The Felony Squad is a half-hour television crime drama originally broadcast on the ABC network from September 12, 1966, to January 31, 1969, a span encompassing seventy-three episodes.

Overview
The program starred Howard Duff (as Sergeant Sam Stone) and Dennis Cole (as Detective Jim Briggs) as investigators in a major crimes unit.  The setting was an unidentified West Coast city (background scenes obviously show Los Angeles, and L.A. City Hall is shown at dusk in the final scene of the opening credits). Duff's character was the veteran who was teaching his younger partner the nuances of life in this new facet of police work. Another main character was desk sergeant Dan Briggs (portrayed by Ben Alexander), the father of Cole's character.
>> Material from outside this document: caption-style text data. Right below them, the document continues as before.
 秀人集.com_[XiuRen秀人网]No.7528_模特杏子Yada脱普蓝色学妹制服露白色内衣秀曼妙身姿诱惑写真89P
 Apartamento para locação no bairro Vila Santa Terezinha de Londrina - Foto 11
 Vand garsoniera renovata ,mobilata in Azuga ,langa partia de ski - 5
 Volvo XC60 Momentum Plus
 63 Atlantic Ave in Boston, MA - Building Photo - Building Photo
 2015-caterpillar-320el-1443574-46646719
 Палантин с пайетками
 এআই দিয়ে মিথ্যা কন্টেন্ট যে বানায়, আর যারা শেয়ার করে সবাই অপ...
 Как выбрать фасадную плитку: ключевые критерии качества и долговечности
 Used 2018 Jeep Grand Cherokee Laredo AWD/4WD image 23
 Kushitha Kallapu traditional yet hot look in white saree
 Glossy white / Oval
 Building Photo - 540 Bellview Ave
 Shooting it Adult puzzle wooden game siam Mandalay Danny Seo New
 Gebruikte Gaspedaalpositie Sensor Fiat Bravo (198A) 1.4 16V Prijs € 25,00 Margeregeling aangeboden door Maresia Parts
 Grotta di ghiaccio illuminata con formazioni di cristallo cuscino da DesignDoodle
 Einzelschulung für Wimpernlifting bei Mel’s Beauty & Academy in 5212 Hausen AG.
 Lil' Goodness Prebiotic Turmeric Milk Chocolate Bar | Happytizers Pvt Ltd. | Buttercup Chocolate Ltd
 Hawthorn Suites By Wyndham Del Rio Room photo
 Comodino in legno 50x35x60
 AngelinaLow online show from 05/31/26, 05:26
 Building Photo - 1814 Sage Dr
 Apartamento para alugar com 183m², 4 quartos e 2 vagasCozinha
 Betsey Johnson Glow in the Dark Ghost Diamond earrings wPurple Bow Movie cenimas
Originally titled Men Against Evil, the show was set to be a soap opera-type program about a police captain.  However, when the concept proved to be unworkable, the project was changed to a standard police drama with three main characters.  In addition, following primary sponsor Liggett & Myers' objection about being associated with the word "evil," the show's title was changed.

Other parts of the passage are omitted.